Oil has rallied sharply in recent days to see West Texas Intermediate (WTI) trading at just under $70 per barrel and Brent breaking through the $70 per barrel mark, with crude trading at its highest price since 2014. The surge in oil can be directly attributed to a wide variety of geopolitical risks which are sparking considerable fears that global oil supplies could be sharply constrained in coming months. This has triggered considerable speculation that $100 per barrel is on its way.
According to some pundits, the bearish factors which have weighed on oil prices for some time have been priced in by the market.

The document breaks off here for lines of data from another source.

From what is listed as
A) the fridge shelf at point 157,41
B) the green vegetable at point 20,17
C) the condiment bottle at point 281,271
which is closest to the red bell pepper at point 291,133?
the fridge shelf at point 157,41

Nonetheless, the perception of geopolitical risk and how it is driving oil higher appears to be overbaked and there are a range of threats to the $100 per barrel oil narrative. Key is that U.S. oil production is expanding at a rapid clip. The U.S. EIA recently estimated that domestic production had hit 10,500 barrels daily, its highest level since starting to provide this data in the early 80s. The International Energy Agency (IEA) believes that the U.S. will overtake Russia to become the world’s largest oil producer by 2019.
The big question is whether this along with a marked expansion in the volume of U.S. drilled but uncompleted wells (DUCs) and rig count, which in early April 2018 reached its highest point in three years, is enough to suppress prices. The answer could surprise investors because fundamentals indicate that higher oil is here to stay, for as long as Saudi Arabia and Russia don’t aggressively unwind the production caps established in November 2016.
This is contrary to the thoughts of some analysts including those at Barclays who believe that oil will weaken once again to $51 per barrel during the second-half of 2018. What many analysts who are betting on lower oil are discounting is the effect of stronger global economic growth on the demand for energy. World gross domestic product (GDP) has been forecast by the International Monetary Fund (IMF) for 2018 to expand at 3.9 percent which is 10 basis points higher than the 3.8 percent projected for 2017.
Emerging markets are also surging with many expected to post significant growth in 2017. When those factors coupled with the improved U.S. economic outlook led by Trump’s corporate tax reform are considered it is likely that the global GDP will expand at a greater than the 3.9 percent projected. That will fuel even greater demand growth for oil.
Already, the IEA has revised its 2018 estimates many times. At its last revision in mid-March 2018, the IEA estimated that demand growth would top 1.5 million barrels daily for the year, which is 200,000 barrels higher than its earlier forecast. There is every sign that the global economic upswing which is underway will boost demand even higher.
You only need to consider that in 2017 when global GDP expanded by 3.8 percent, which is 10-bps lower than the 3.9 percent forecast for 2018, global energy demand for the year grew by 2.1 percent or double 2016.
OPEC has forecast demand growth for the year of over 1.6 million barrels daily while the U.S. EIA is predicting that it will be even higher at 1.8 million barrels. The upper end of those later forecasts appears more realistic than the 1.5 million barrels predicted by the IEA.
When you add in growing Middle East tensions, volatile security conditions in Nigeria and Libya, Trump’s push to tear-up the nuclear deal with Iran and Venezuela’s oil industry descending into freefall there is every risk of a significant supply outage being triggered by geopolitical risks. It is likely that with Venezuela’s production deteriorating at a greater clip than has been priced in by markets, this along with Trump pushing to reinstate sanctions against Iran could wipe more than 500,000 barrels daily off global supplies.
That could certainly push Brent to the $80 per barrel mark or higher, which appears to be Saudi Arabia’s desired price.
However, it is questionable whether those unexpected supply constraints working with rising demand growth would be enough to push oil to $100, primarily because the rapid growth in U.S. oil output could meet some of that demand.
What is becoming clear is that a range of supply-side factors including geopolitical threats along with stronger than anticipated economic growth driving greater demand for oil, means that the higher oil narrative has some way to playout. That combined with Saudi Arabia flagging that it intends to continue cooperating with Russia on production caps will prevent global oil markets from tipping into oversupply as some analysts’ claim will occur in late 2018.